Comme le voulait le Polisario ?
Christopher Ross, un diplomate américain qui n’est inconnu ni chez nous ni dans le monde arabe, serait pressenti pour remplacer Peter Van Walsum, personnage dont le contrat n’a pas été renouvelé en tant qu’envoyé spécial du secrétaire général de l’ONU pour le Sahara occidental. Si la nomination de M. Ross, annoncée par le sérieux quotidien madrilène El Pais, se confirme, le Polisario verrait enfin le vœu de son Président de voir les Nations unies charger un Américain du dossier du Sahara occidental exaucé.
La satisfaction sahraouie serait double étant donné que M. Ross maîtrise le dossier en tant que proche témoin puisqu’il exerçait déjà à Alger au moment de l’invasion du Sahara occidental et de la fuite éperdue de ses populations, pourchassées et bombardées par les FAR dans le désert. Il connaît tout cela sur le bout des doigts comme il sait aussi que les Sahraouis n’abdiqueront jamais leur droit à l’autodétermination et que les Algériens soutiendront ce droit tant qu’il y a un Sahraoui pour le faire valoir.
M. Ross n’aura sans doute pas la tâche facile quand on connaît les entourloupettes et autres reniements marocains, mais il héritera au moins d’une situation plus claire puisque débarrassée à jamais d’un «réalisme» contrefait qui la polluait. Le successeur de Walsum s’appuiera peut-être, lui, sur un autre réalisme.
Celui qui dit que le Polisario est reconnu comme le représentant unique et légitime du peuple sahraoui, que la République arabe sahraouie démocratique est membre fondateur de l’Union africaine, qu’elle a été reconnue par quelque 80 pays et que pas un seul Etat ne reconnaît la souveraineté du Maroc sur un seul pouce du territoire du Sahara occidental.
La réalité du terrain nous dit que le Polisario a, malgré l’opposition marocaine, été récemment admis en tant qu’observateur au sein de l’Internationale socialiste et que le Parlement européen s’intéresse de plus en plus à la question du Sahara occidental, théâtre d’incessantes atteintes aux droits humains.

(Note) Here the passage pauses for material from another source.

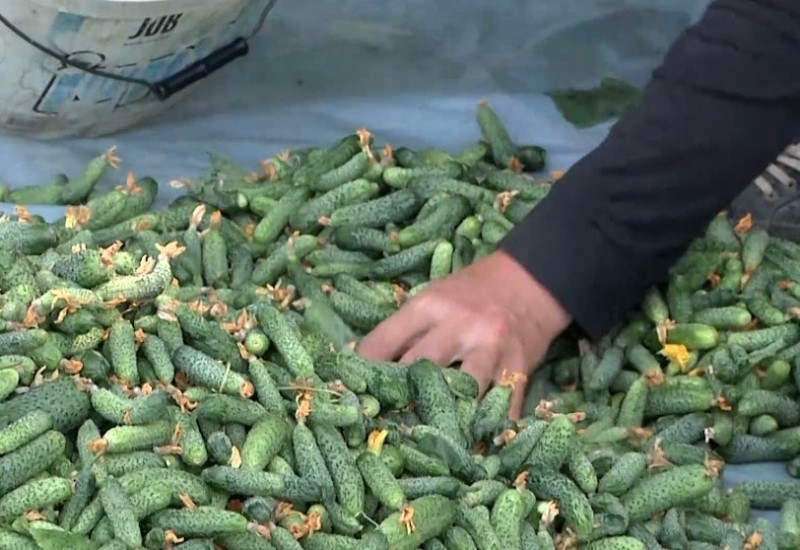 Njemačka firma obustavlja ugovorenu proizvodnju kornišona u BiH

D’où la décision prise hier de dépêcher une commission ad hoc pour s’enquérir de la gravité de la situation dans les territoires occupés.
Quand M. Ross entamera sa mission, il le fera persuader que, contrairement à ce qui était ânonné, la proposition d’«autonomie» n’est ni «sérieuse» ni «crédible» et qu’au contraire elle se mettait en travers de la légalité internationale. De l’aveu de tous les acteurs, les quatre rounds de Manhasset n’ont rien changé au problème à part démontrer la vanité de la proposition marocaine et permettre à Mme Condoleezza Rice d’aller relancer, à partir de Rabat même, la «solution mutuellement acceptable».
Une déclaration qui venait comme une poignée de terre lancée sur la tombe de l’autonomie. Les propos de Mme Rice sur la question du Sahara occidental, son insistance sur l’amélioration des relations algéro-marocasines et, partant, intermaghrébines sont annonciateurs d’un changement au Maghreb où, la pression internationale aidant, la tendance semble incliner pour la paix.